Nobody gets suspended from mainstream social media for simply expressing opposition to transgender gender athletics.
They get suspended for actually harassing transgender athletes.
You might get demonetized for that opinion, but getting paid to express an unpopular opinion isn't a right.
From that same article it says that he was banned for "Promoting, encouraging, or facilitating the discrimination or denigration of a group of people based on their protected characteristics". That is harassment, not expressing an opinion.
All you did was repeat the banned individual's own opinion about why they were banned. Of course, you are free to think Twitch is lying about its reasons for the ban, but you've offered no evidence of that.
According to that article, the individual also had a history of encouraging the murder of protestors by white militias on Twitch, so sounds like they had plenty of grounds on which to ban him already, and perhaps they finally just got around to it.
It undermines your argument to use someone like that as an example.
> From that same article it says that he was banned for "Promoting, encouraging, or facilitating the discrimination or denigration of a group of people based on their protected characteristics". That is harassment, not expressing an opinion. All you did was repeat the banned individual's own opinion about why they were banned. Of course, you are free to think Twitch is lying about its reasons for the ban, but you've offered no evidence of that.
And what was the nature of that "harassment"? The fact that he didn't agree with the orthodoxy around natal males in women's sports. You're acting out the the exact dynamic I'm talking about: dissenting opinions are labeled harassment or denigration and become bannable offenses. Then people get banned for the "harassment" that is holding a verboten opinion, with no actual harassment taking place. And this is by far from the only example [1].
You're asking me to prove a negative. Who was harassed? Twitch didn't say, and no one can seem to identify a harassment target. When did this harassment occur? Again, nothing is specified. If you can identify a harassment victim it'd be good of you to do so.
> According to that article, the individual also had a history of encouraging the murder of protestors by white militias on Twitch, so sounds like they had plenty of grounds on which to ban him already, and perhaps they finally just got around to it.
If this was the case, the ban would have been for incitement to violence, a separate ToU clause Twitch uses to ban people who call for violence. Not discrimination or denigration of a group on the basis of protected characteristics. Furthermore, these comments occurred two years before the ban - your comment makes it sound like this happened the week before he commented about Thomas. In case you're wondering, in reference to people defending themselves from arsonists (the exact words were, "dipshit protesters that think that they can torch buildings at 10 p.m.") not shooting actual protestors.
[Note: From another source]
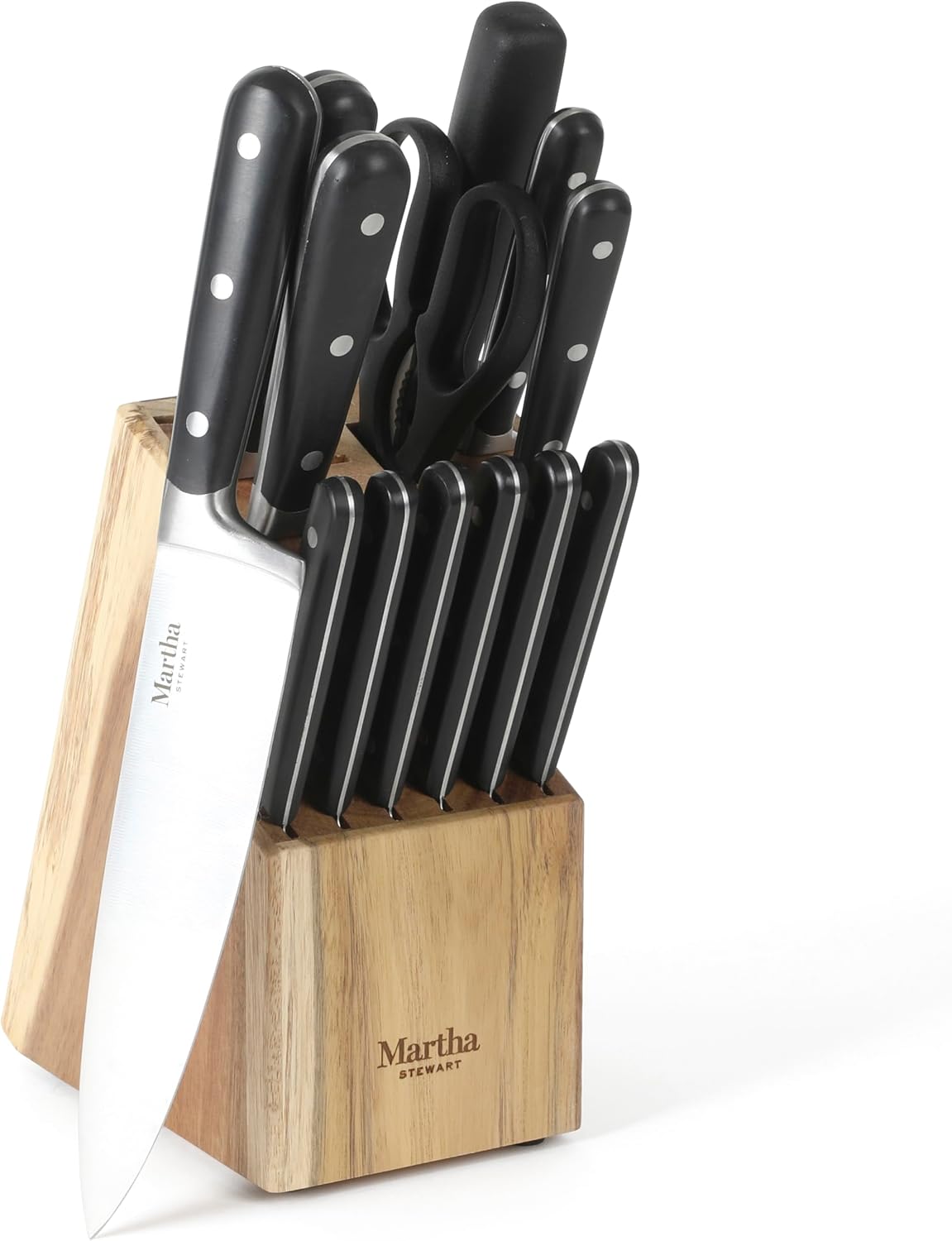 Martha Stewart Eastwalk - Juego de 14 piezas de cuchillos de acero...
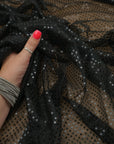Black Sequin Fabric by the Yard | 3mm Confetti Dot Metallic Mesh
It continues to amaze me how 10 seconds can be edited to portray someone in a completely opposite light of reality. If you're interested in this creator's leanings, just take a look at a recent video [2].
Espousing dissenting opinions absolutely does get people banned. The reasons cited are harassment, but no harassment victim is identified because holding the prohibited opinion is now considered harassment even if no individual is actually harassed.
Plenty of people disagree, and do indeed claim that not letting a transgender woman compete against natal females is harassment towards transgender people. Heck, I've even seen people claim that this is genocide.
I don't really care about these topics, but the point is that many people do not, or perhaps cannot, distinguish between "hate speech" and and opinions they disagree with. Contrary to your claim that "hate can't be applied to many things, including disagreements like this comment", hate speech is often applied to dissenting opinions.